• [DIRECTIONS FOR THIS TASK]: Repeat all the records exactly, omitting pictures.

[Short text fragments from websites]
......
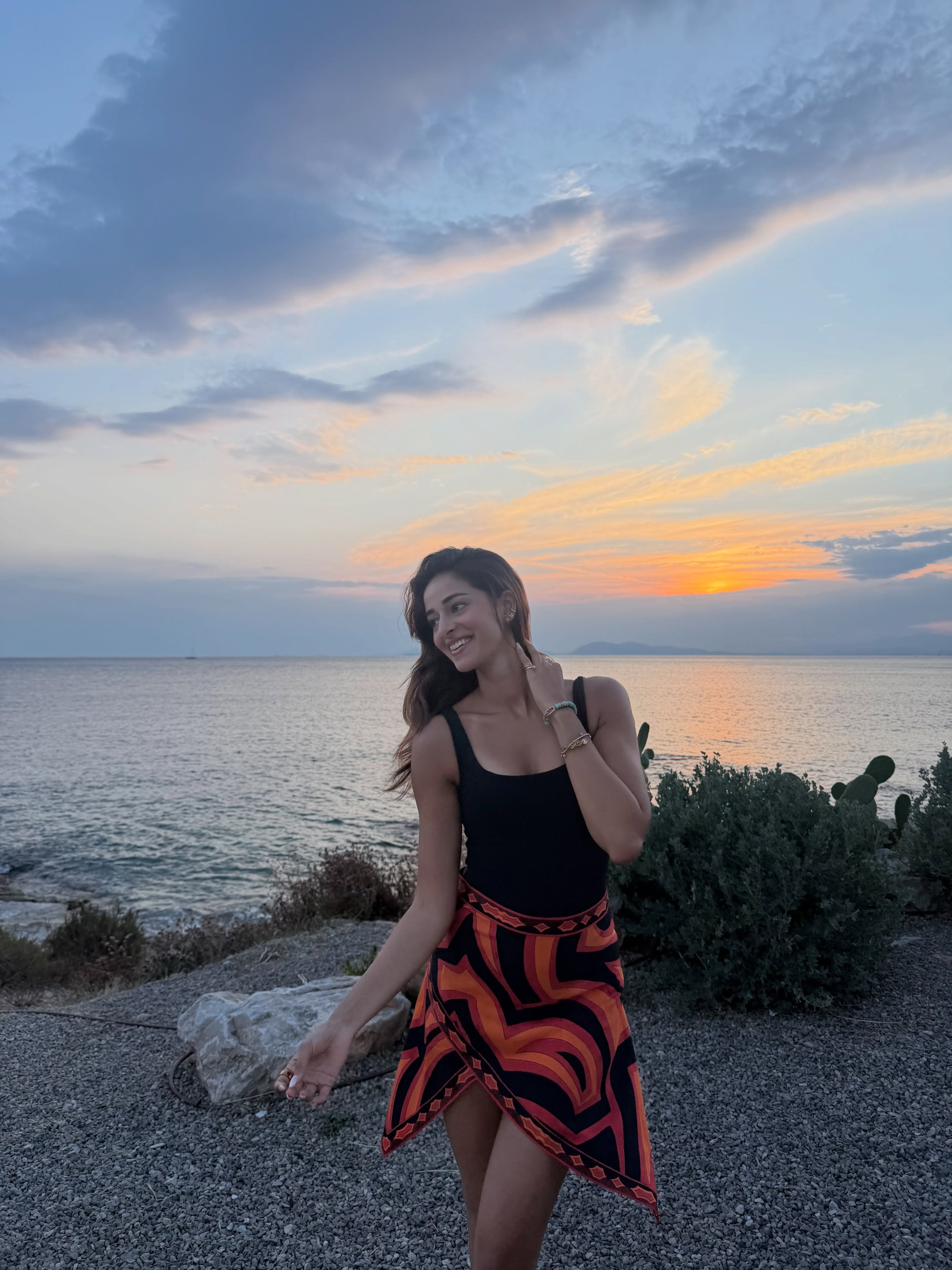 Ananya Panday Soaks in Sunset Bliss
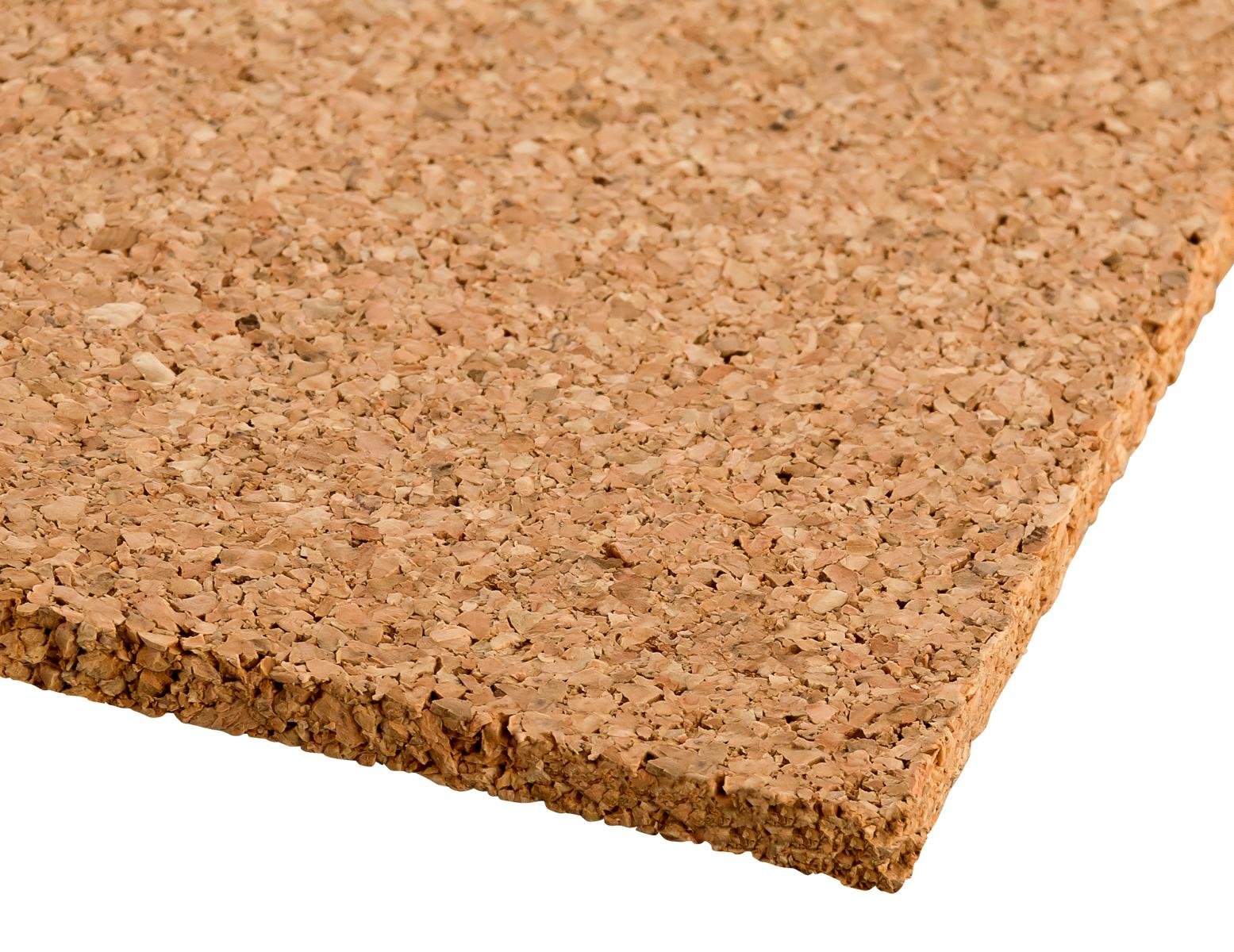 Plancha de corcho prensado, autoadhesiva, con adhesivo 3M, 900 x 600 mm (90 x 60 cm), 5 mm de grosor, para tablón de anuncios, revestimiento de pared y decoración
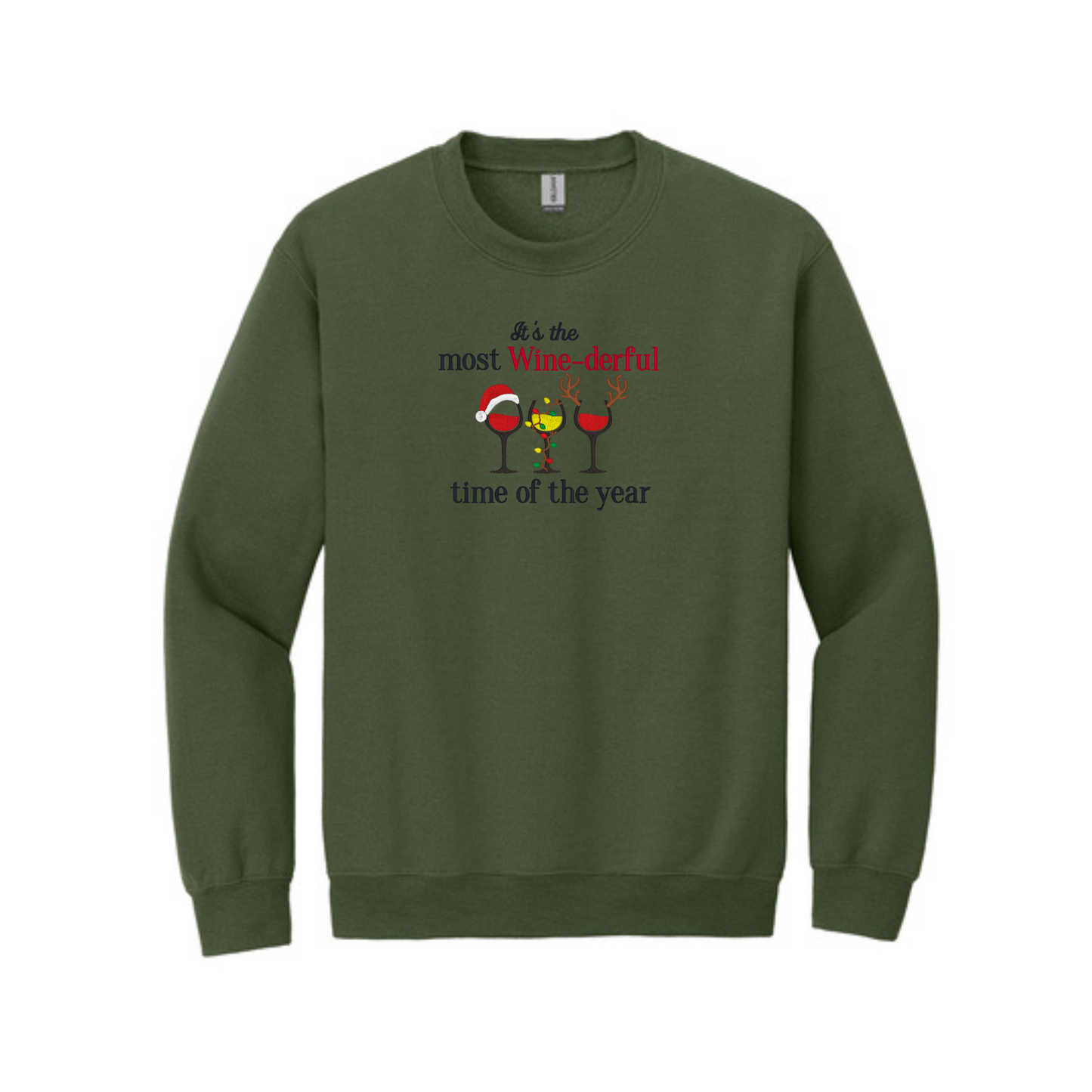 The most Wine-derful time of the year -  Crewneck Sweatshirt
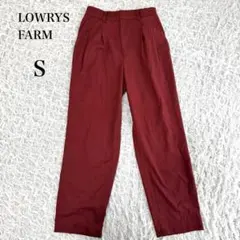 LOWRYS FARMローリーズファーム　カジュアルパンツ S ワインレッド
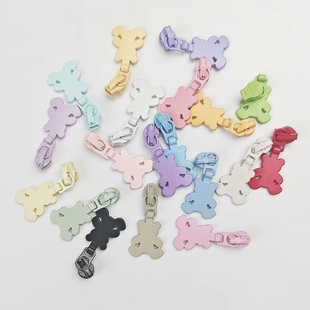 正品 拉链头羽绒服外套包包DIY高档配件 YKK彩色小熊拉链头3号服装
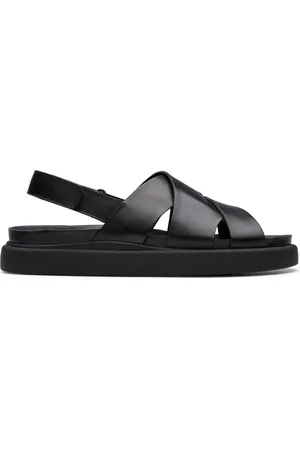 Clarks Aristella Sun Leather Flat Sandals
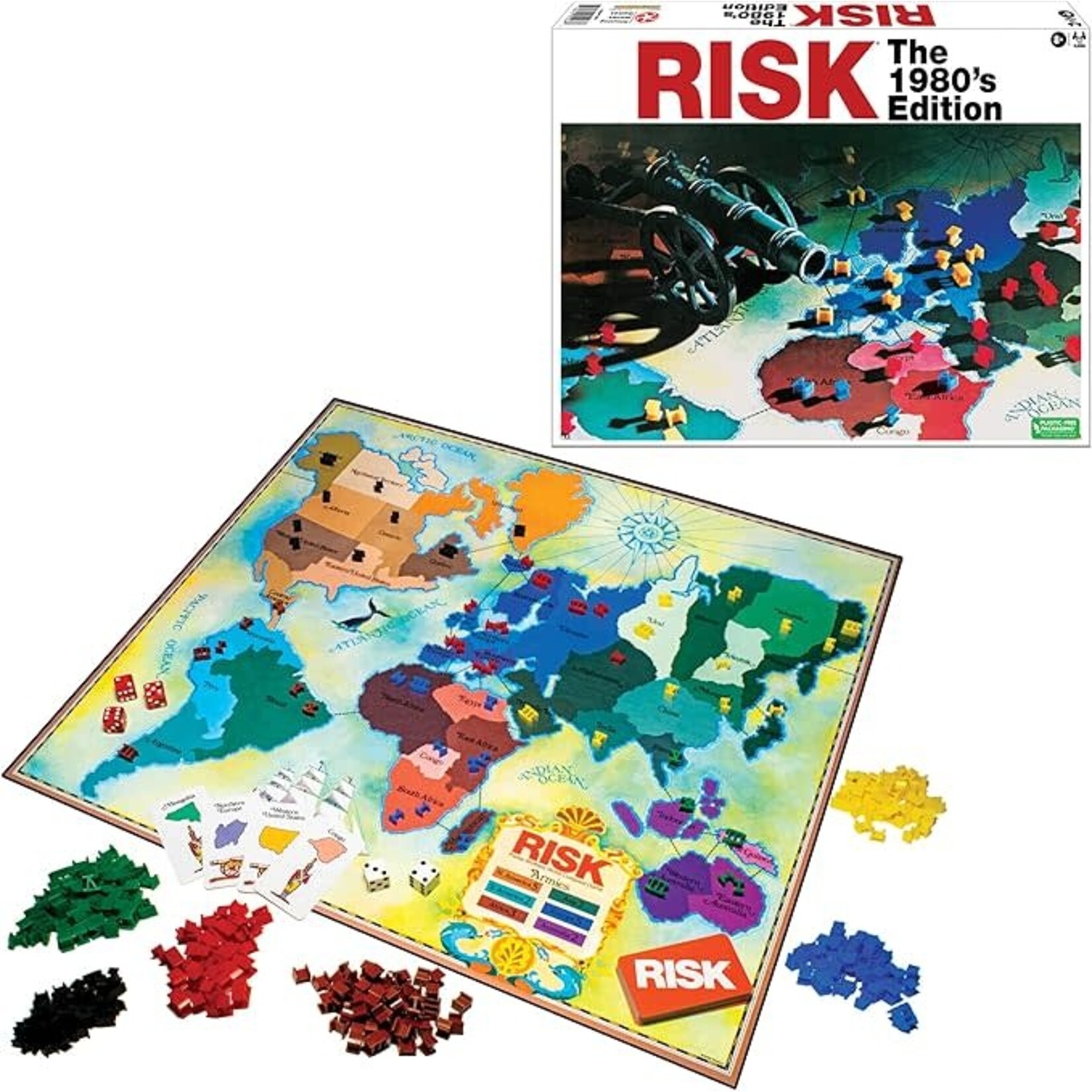 Continuum Games 1248 Risk The 1980's Edition Classic Strategy Game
......
• [YOUR SOLUTION]:
 Ananya Panday Soaks in Sunset Bliss
 Plancha de corcho prensado, autoadhesiva, con adhesivo 3M, 900 x 600 mm (90 x 60 cm), 5 mm de grosor, para tablón de anuncios, revestimiento de pared y decoración
 The most Wine-derful time of the year -  Crewneck Sweatshirt
 LOWRYS FARMローリーズファーム　カジュアルパンツ S ワインレッド
 正品 拉链头羽绒服外套包包DIY高档配件 YKK彩色小熊拉链头3号服装
 Clarks Aristella Sun Leather Flat Sandals
 Continuum Games 1248 Risk The 1980's Edition Classic Strategy Game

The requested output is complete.